李謙,他是真的準備不成功便成仁,寧愿和他死戰到底也不愿意妥協,放姜憲離開。
為了一個女人,值得嗎?
姜律生平還是第一次遇到這樣的人。
他的心情十分微妙。
“你他媽的瘋了!”他情不自禁地喃喃自語地道著,“你到底知不知道自己在干什么?事情鬧大了,你就是死也留不住保寧的……”
王瓚的手攥成了拳,指甲深深地陷進了掌心。
雖然姜律沒有告訴他姜憲為什么會落在李謙的手里,他也沒有問,但并不代表他什么也不知道。
李謙喜歡保寧。
求而不得,索性搶親!
猜測被證實。
痛得他的心都麻木了。
李謙真的寧愿死也不愿意放開姜憲嗎?
他怎么能這么大的膽子?
他就不怕連累家族嗎?
他就不怕讓姜憲的名聲受損嗎?
王瓚想到他跪在母親面前,求母親為他求娶姜憲時母親眼中的淚水和不能滿足子女的愧疚與痛苦。
他混混沌沌的不知道自己身在何處。
是不是因為他的膽小怕事,他才會和姜憲走到了今天這一步呢?
王瓚隱約有點明白,更多的,卻是不敢想,不愿意去想……
懵懵懂懂,時間好像過去了很久,又好像只是一瞬間,他耳邊突然傳來姜律的暴喝聲:“李謙,爾敢!”
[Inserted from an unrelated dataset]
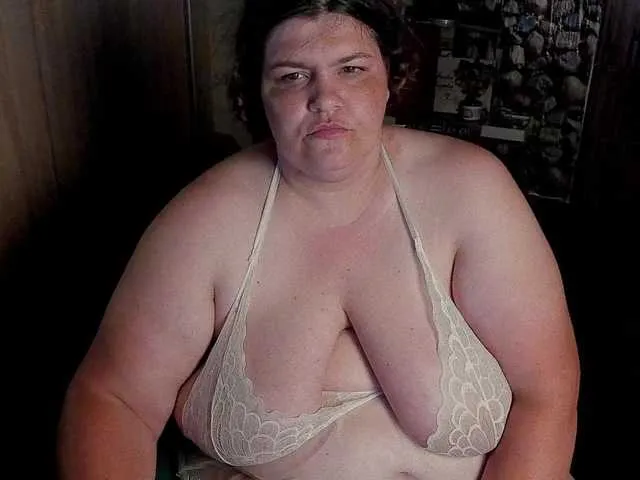 Live sex webcam photo for Ionysexylips69 #291247296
王瓚回過神來,就看見趙嘯丟棍翻身連打幾個滾,才堪堪避開了李謙那猶若獅子搏兔般雷霆一擊。
如果說之前姜律只是感覺到李謙不會放過趙嘯,那此刻,任何人都不會懷疑,李謙存心要將趙嘯斬于刀下。
姜律臉色發青,喝道:“李謙,我與你一戰!”
李謙笑著轉身,錦帛般絢麗的晚霞給他鍍上了一層金光,他神色溫和地站在那里,猶如閑庭信步般悠然自得,眉宇間沒有一絲殺意和戾氣,卻讓人心中生寒,仿佛置身于三九寒冬的冰窟窿,控制不住地打著寒顫。
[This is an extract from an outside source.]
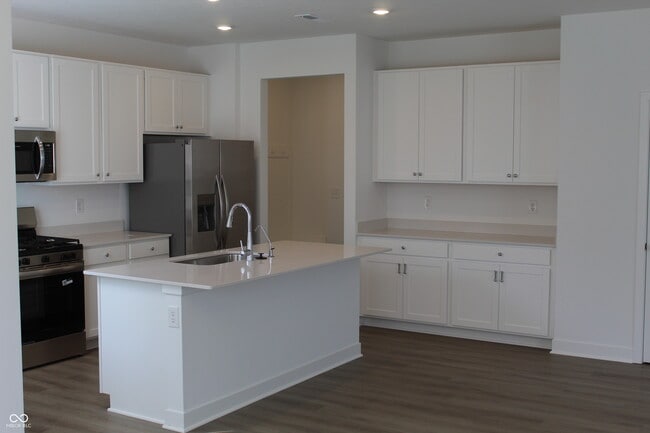 Building Photo - 1087 Marston Ln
姜律的面色更差了,他強打精神高聲道:“怎么?你不敢嗎?”
李謙曬笑,道:“你明知道我敢還是不敢,何必多此一舉!”
姜律明白他的意思。
如果不是看在姜憲的份上,他剛才根本就不可能和他游斗那么長的時間。
他面色一紅。
趙嘯已站起身來,腳尖一勾,白蠟長棍飛身而起,落在了他的手里。
“李謙!”他沉聲道,神色冷傲,目光深邃,語氣平靜,“今天我們只有一個人能走出去?!?
奪妻之恨,不共戴天!
李謙淡淡地望著趙嘯,眼底殺意縱橫。
姜律心中暗叫“不好”,剛要阻止兩人繼續爭斗下去,趙嘯已縱身而起,長棍如深谷風吼般朝著李謙揮去。
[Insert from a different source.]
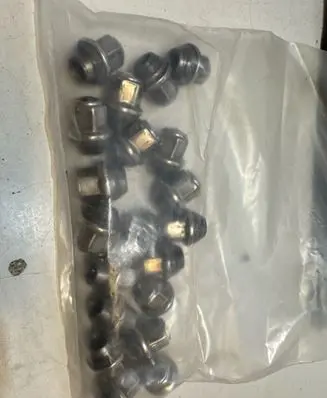 Ford Mustang VI Nuts/bolts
李謙迎身而上,刀勢狂烈,卻又帶著驚濤駭浪般的激蕩跌撞,連綿不絕。
兩相碰撞,趙嘯屹立不動,李謙卻連退三步。
姜律心中一松。
趙嘯嘴角淌落一絲血跡。
勝負已分!
“趙嘯!”姜律神色俱震。
趙嘯已道“再來”,舉棍朝李謙掃去。
卻已沒有半點剛才的氣勢,如垂暮老人,遲緩而沉重。
李謙莞爾,平平橫出一刀,卻如秋盡冬來,木葉調零,蘊含著重重殺機。
“趙嘯!”姜律提劍沖了過去。
兩人對李謙形成了夾擊之勢。
李謙回頭,不躲不閃,淡漠地望著姜律。
姜律心驚。
知道這是個絕好擊殺李謙的機會,卻又不愿意變成自己從前最瞧不起的卑劣小人……他有一瞬間的猶豫。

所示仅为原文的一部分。